Beginning with the line below that contains "Already within the" and ending with the line that contains "Magpies are excellent", retype every line exactly. Pictures are not copied.

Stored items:

>>

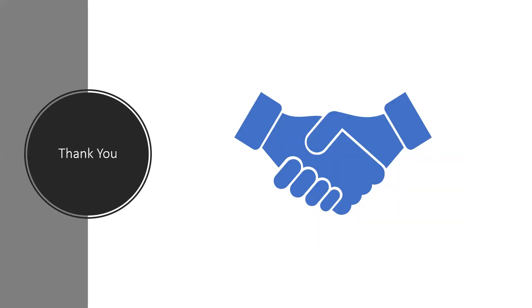So, that's all for today. We'll be coming back shortly with some more interesting content. Till then, stay home, stay safe.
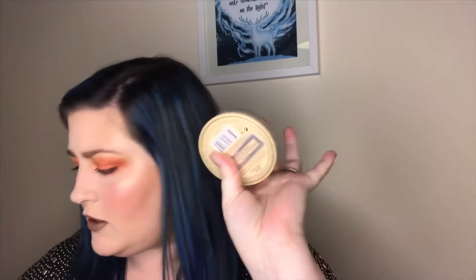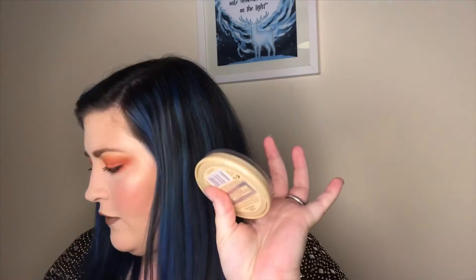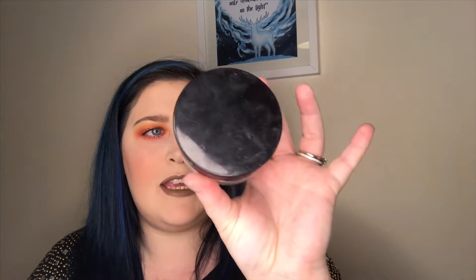The Rimmel Stay Matte Powder is something I tend to use most days, but Rimmel products are not cruelty free, so this is not a cruelty free product — it's the one out of the group that isn't. The next product is the Illamasqua Loose Powder. Illamasqua is against animal testing, so they are a cruelty free brand, which is brilliant.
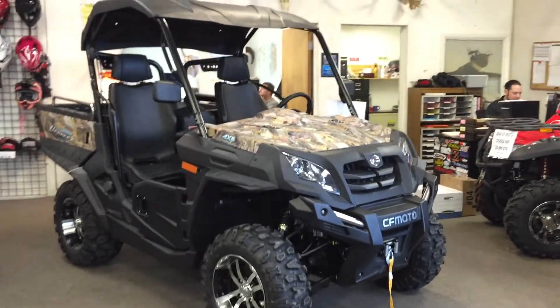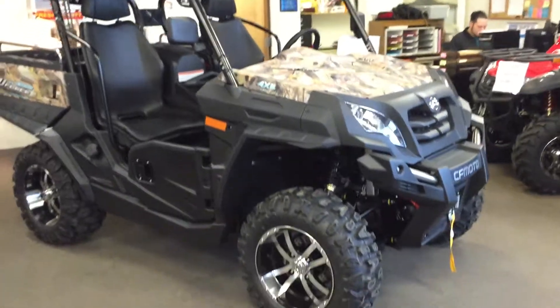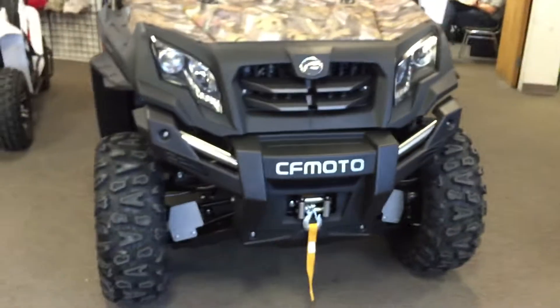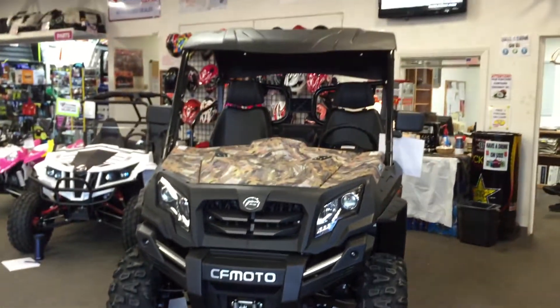2015 CFMoto Tracker 800 — this is an 800cc two-up side by side. This thing is fully loaded; comes with a 3,500 pound winch, arm guards, skid plate front to back, and does have power steering.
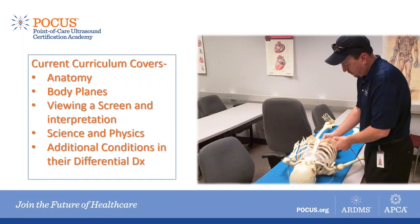Already within the paramedic curriculum is much of the material needed for a great understanding of point-of-care ultrasound. We teach in-depth anatomy and body planes. As paramedics, we already view a screen and interpret what we see — electrocardiograms and that sort of thing. The science and physics preparation can be added to general lectures in the paramedic program so students can understand the science and physics needed to understand POCUS.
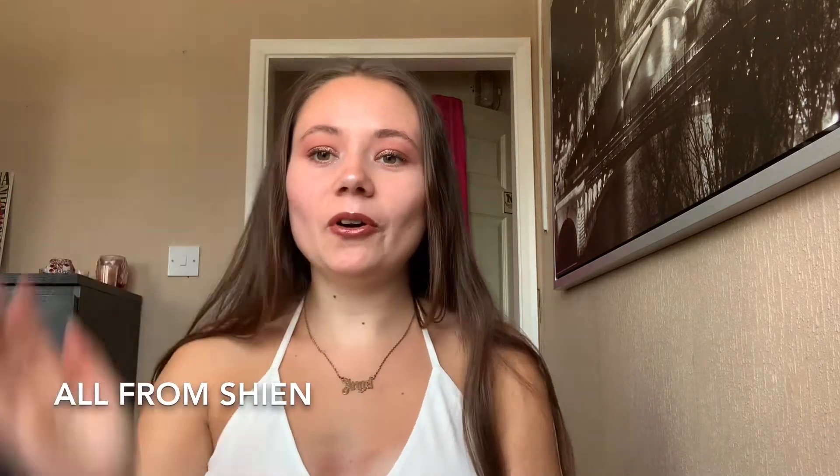So today I'm gonna do a little try-on of all the clothes I bought in lockdown. The first thing I bought was this angel necklace and I really love it, but it's just a cheap £2.99 necklace. I really need to invest more money into necklaces because they stop going all horribly bronze colored.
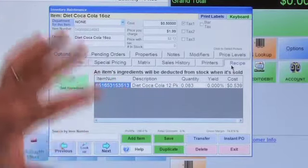Since it's a 12-pack, this individual item is going to be sold as a 12th of the parent item. Let's actually make a sale, then we'll go back and look at the parent item to see how the inventory is tracked.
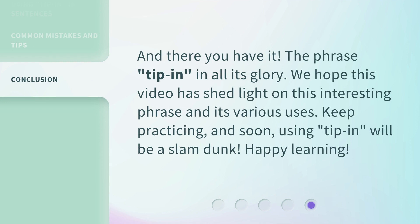And there you have it — the phrase tip-in in all its glory. We hope this video has shed light on this interesting phrase and its various uses. Keep practicing, and soon using tip-in will be a slam dunk. Happy learning!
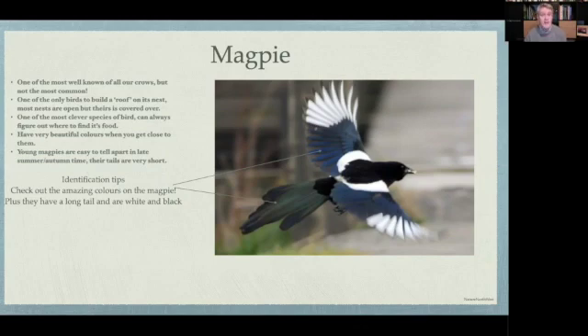Magpies are excellent mums and dads — they build a roof on their nest. The nest is about the size of a basketball, made of lots of sticks with some moss in the middle so it's nice and cozy. If it rains, the chicks stay dry. Most birds don't have a roof on their nest, whereas the magpie does. Magpie — pretty cool.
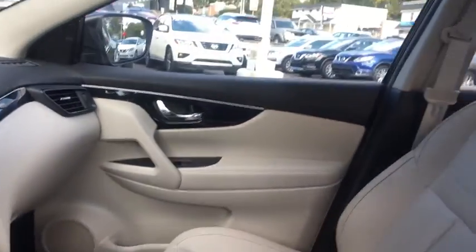This vehicle is Carfax certified one owner and qualifies for Carfax buyback guarantee. If you like it online, you'll love it in your driveway. Take it for a spin today.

<<

— Answer box —
Already within the paramedic curriculum is much of the material needed for a great understanding of point-of-care ultrasound. We teach in-depth anatomy and body planes. As paramedics, we already view a screen and interpret what we see — electrocardiograms and that sort of thing. The science and physics preparation can be added to general lectures in the paramedic program so students can understand the science and physics needed to understand POCUS.
So today I'm gonna do a little try-on of all the clothes I bought in lockdown. The first thing I bought was this angel necklace and I really love it, but it's just a cheap £2.99 necklace. I really need to invest more money into necklaces because they stop going all horribly bronze colored.
Since it's a 12-pack, this individual item is going to be sold as a 12th of the parent item. Let's actually make a sale, then we'll go back and look at the parent item to see how the inventory is tracked.
And there you have it — the phrase tip-in in all its glory. We hope this video has shed light on this interesting phrase and its various uses. Keep practicing, and soon using tip-in will be a slam dunk. Happy learning!
Magpies are excellent mums and dads — they build a roof on their nest. The nest is about the size of a basketball, made of lots of sticks with some moss in the middle so it's nice and cozy. If it rains, the chicks stay dry. Most birds don't have a roof on their nest, whereas the magpie does. Magpie — pretty cool.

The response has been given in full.